**WORK ITEM**
Every entry must be printed again exactly, with nothing left out.

──────────────────────────────

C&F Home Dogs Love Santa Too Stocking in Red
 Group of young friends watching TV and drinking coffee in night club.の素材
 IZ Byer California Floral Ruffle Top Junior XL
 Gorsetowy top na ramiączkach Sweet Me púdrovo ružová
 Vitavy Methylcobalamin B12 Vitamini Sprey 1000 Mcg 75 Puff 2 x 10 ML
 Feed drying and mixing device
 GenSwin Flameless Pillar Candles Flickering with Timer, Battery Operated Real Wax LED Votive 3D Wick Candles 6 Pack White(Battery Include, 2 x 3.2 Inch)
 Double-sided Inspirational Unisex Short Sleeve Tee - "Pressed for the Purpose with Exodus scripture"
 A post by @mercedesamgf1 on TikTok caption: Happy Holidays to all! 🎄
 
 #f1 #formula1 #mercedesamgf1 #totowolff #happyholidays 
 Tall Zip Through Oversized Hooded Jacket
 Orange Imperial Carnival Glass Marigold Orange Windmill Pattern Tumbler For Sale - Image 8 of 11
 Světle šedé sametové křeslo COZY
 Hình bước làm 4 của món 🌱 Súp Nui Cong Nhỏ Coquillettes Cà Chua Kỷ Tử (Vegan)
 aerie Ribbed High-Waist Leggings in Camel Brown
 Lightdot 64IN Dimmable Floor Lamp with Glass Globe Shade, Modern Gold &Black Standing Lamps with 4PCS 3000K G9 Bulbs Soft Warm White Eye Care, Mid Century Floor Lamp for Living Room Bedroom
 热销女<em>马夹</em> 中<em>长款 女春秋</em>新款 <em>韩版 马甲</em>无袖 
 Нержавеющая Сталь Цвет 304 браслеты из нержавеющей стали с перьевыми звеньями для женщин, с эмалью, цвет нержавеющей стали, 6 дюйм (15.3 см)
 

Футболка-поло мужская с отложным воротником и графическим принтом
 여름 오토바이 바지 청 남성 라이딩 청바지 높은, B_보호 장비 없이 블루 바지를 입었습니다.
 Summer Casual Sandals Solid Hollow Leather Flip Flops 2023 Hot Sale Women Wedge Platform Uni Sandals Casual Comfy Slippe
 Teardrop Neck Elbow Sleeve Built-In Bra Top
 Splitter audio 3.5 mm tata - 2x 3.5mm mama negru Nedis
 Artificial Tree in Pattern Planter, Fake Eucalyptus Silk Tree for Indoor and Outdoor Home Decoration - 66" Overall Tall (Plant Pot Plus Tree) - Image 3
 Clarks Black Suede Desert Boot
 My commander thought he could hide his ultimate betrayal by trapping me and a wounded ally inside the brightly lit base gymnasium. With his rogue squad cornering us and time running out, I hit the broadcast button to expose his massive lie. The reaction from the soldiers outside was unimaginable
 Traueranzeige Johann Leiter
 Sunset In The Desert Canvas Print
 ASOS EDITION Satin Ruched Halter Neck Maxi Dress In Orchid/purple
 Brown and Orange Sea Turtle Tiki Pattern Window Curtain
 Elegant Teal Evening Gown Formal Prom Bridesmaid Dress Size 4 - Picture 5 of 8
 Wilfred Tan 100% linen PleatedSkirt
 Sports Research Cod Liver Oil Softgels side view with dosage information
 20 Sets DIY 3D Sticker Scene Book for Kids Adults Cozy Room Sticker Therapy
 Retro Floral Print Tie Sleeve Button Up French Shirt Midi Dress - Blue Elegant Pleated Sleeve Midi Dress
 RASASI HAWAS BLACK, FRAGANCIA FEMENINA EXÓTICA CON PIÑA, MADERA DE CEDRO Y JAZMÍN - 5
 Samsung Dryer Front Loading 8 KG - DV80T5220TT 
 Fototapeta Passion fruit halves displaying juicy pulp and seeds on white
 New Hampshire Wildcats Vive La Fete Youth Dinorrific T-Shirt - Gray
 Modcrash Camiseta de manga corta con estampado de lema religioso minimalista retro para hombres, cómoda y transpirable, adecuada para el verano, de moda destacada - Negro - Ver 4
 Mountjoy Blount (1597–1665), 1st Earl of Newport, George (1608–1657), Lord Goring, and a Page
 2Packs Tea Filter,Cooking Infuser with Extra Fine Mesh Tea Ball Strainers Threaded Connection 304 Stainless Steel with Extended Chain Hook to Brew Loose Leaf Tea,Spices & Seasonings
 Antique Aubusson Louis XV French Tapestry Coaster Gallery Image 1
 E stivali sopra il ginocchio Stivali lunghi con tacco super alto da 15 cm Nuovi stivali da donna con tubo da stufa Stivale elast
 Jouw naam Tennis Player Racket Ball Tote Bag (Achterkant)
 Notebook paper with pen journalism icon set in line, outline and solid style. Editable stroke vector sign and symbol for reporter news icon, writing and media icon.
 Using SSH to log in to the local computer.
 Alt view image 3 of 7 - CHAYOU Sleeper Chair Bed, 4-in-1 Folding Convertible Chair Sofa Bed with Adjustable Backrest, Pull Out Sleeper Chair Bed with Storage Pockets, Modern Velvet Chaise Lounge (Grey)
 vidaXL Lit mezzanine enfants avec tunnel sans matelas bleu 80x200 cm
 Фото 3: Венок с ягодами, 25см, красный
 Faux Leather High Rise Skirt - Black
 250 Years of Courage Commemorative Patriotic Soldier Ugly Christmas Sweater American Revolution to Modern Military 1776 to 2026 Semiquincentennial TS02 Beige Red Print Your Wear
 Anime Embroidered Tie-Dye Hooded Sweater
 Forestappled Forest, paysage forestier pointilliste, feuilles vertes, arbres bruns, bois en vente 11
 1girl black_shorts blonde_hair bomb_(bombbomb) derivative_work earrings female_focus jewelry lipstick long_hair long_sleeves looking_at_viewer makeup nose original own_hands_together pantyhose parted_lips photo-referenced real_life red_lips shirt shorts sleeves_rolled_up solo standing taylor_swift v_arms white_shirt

──────────────────────────────

**WRITTEN REPLY**
C&F Home Dogs Love Santa Too Stocking in Red
 Group of young friends watching TV and drinking coffee in night club.の素材
 IZ Byer California Floral Ruffle Top Junior XL
 Gorsetowy top na ramiączkach Sweet Me púdrovo ružová
 Vitavy Methylcobalamin B12 Vitamini Sprey 1000 Mcg 75 Puff 2 x 10 ML
 Feed drying and mixing device
 GenSwin Flameless Pillar Candles Flickering with Timer, Battery Operated Real Wax LED Votive 3D Wick Candles 6 Pack White(Battery Include, 2 x 3.2 Inch)
 Double-sided Inspirational Unisex Short Sleeve Tee - "Pressed for the Purpose with Exodus scripture"
 A post by @mercedesamgf1 on TikTok caption: Happy Holidays to all! 🎄
 
 #f1 #formula1 #mercedesamgf1 #totowolff #happyholidays 
 Tall Zip Through Oversized Hooded Jacket
 Orange Imperial Carnival Glass Marigold Orange Windmill Pattern Tumbler For Sale - Image 8 of 11
 Světle šedé sametové křeslo COZY
 Hình bước làm 4 của món 🌱 Súp Nui Cong Nhỏ Coquillettes Cà Chua Kỷ Tử (Vegan)
 aerie Ribbed High-Waist Leggings in Camel Brown
 Lightdot 64IN Dimmable Floor Lamp with Glass Globe Shade, Modern Gold &Black Standing Lamps with 4PCS 3000K G9 Bulbs Soft Warm White Eye Care, Mid Century Floor Lamp for Living Room Bedroom
 热销女<em>马夹</em> 中<em>长款 女春秋</em>新款 <em>韩版 马甲</em>无袖 
 Нержавеющая Сталь Цвет 304 браслеты из нержавеющей стали с перьевыми звеньями для женщин, с эмалью, цвет нержавеющей стали, 6 дюйм (15.3 см)
 

Футболка-поло мужская с отложным воротником и графическим принтом
 여름 오토바이 바지 청 남성 라이딩 청바지 높은, B_보호 장비 없이 블루 바지를 입었습니다.
 Summer Casual Sandals Solid Hollow Leather Flip Flops 2023 Hot Sale Women Wedge Platform Uni Sandals Casual Comfy Slippe
 Teardrop Neck Elbow Sleeve Built-In Bra Top
 Splitter audio 3.5 mm tata - 2x 3.5mm mama negru Nedis
 Artificial Tree in Pattern Planter, Fake Eucalyptus Silk Tree for Indoor and Outdoor Home Decoration - 66" Overall Tall (Plant Pot Plus Tree) - Image 3
 Clarks Black Suede Desert Boot
 My commander thought he could hide his ultimate betrayal by trapping me and a wounded ally inside the brightly lit base gymnasium. With his rogue squad cornering us and time running out, I hit the broadcast button to expose his massive lie. The reaction from the soldiers outside was unimaginable
 Traueranzeige Johann Leiter
 Sunset In The Desert Canvas Print
 ASOS EDITION Satin Ruched Halter Neck Maxi Dress In Orchid/purple
 Brown and Orange Sea Turtle Tiki Pattern Window Curtain
 Elegant Teal Evening Gown Formal Prom Bridesmaid Dress Size 4 - Picture 5 of 8
 Wilfred Tan 100% linen PleatedSkirt
 Sports Research Cod Liver Oil Softgels side view with dosage information
 20 Sets DIY 3D Sticker Scene Book for Kids Adults Cozy Room Sticker Therapy
 Retro Floral Print Tie Sleeve Button Up French Shirt Midi Dress - Blue Elegant Pleated Sleeve Midi Dress
 RASASI HAWAS BLACK, FRAGANCIA FEMENINA EXÓTICA CON PIÑA, MADERA DE CEDRO Y JAZMÍN - 5
 Samsung Dryer Front Loading 8 KG - DV80T5220TT 
 Fototapeta Passion fruit halves displaying juicy pulp and seeds on white
 New Hampshire Wildcats Vive La Fete Youth Dinorrific T-Shirt - Gray
 Modcrash Camiseta de manga corta con estampado de lema religioso minimalista retro para hombres, cómoda y transpirable, adecuada para el verano, de moda destacada - Negro - Ver 4
 Mountjoy Blount (1597–1665), 1st Earl of Newport, George (1608–1657), Lord Goring, and a Page
 2Packs Tea Filter,Cooking Infuser with Extra Fine Mesh Tea Ball Strainers Threaded Connection 304 Stainless Steel with Extended Chain Hook to Brew Loose Leaf Tea,Spices & Seasonings
 Antique Aubusson Louis XV French Tapestry Coaster Gallery Image 1
 E stivali sopra il ginocchio Stivali lunghi con tacco super alto da 15 cm Nuovi stivali da donna con tubo da stufa Stivale elast
 Jouw naam Tennis Player Racket Ball Tote Bag (Achterkant)
 Notebook paper with pen journalism icon set in line, outline and solid style. Editable stroke vector sign and symbol for reporter news icon, writing and media icon.
 Using SSH to log in to the local computer.
 Alt view image 3 of 7 - CHAYOU Sleeper Chair Bed, 4-in-1 Folding Convertible Chair Sofa Bed with Adjustable Backrest, Pull Out Sleeper Chair Bed with Storage Pockets, Modern Velvet Chaise Lounge (Grey)
 vidaXL Lit mezzanine enfants avec tunnel sans matelas bleu 80x200 cm
 Фото 3: Венок с ягодами, 25см, красный
 Faux Leather High Rise Skirt - Black
 250 Years of Courage Commemorative Patriotic Soldier Ugly Christmas Sweater American Revolution to Modern Military 1776 to 2026 Semiquincentennial TS02 Beige Red Print Your Wear
 Anime Embroidered Tie-Dye Hooded Sweater
 Forestappled Forest, paysage forestier pointilliste, feuilles vertes, arbres bruns, bois en vente 11
 1girl black_shorts blonde_hair bomb_(bombbomb) derivative_work earrings female_focus jewelry lipstick long_hair long_sleeves looking_at_viewer makeup nose original own_hands_together pantyhose parted_lips photo-referenced real_life red_lips shirt shorts sleeves_rolled_up solo standing taylor_swift v_arms white_shirt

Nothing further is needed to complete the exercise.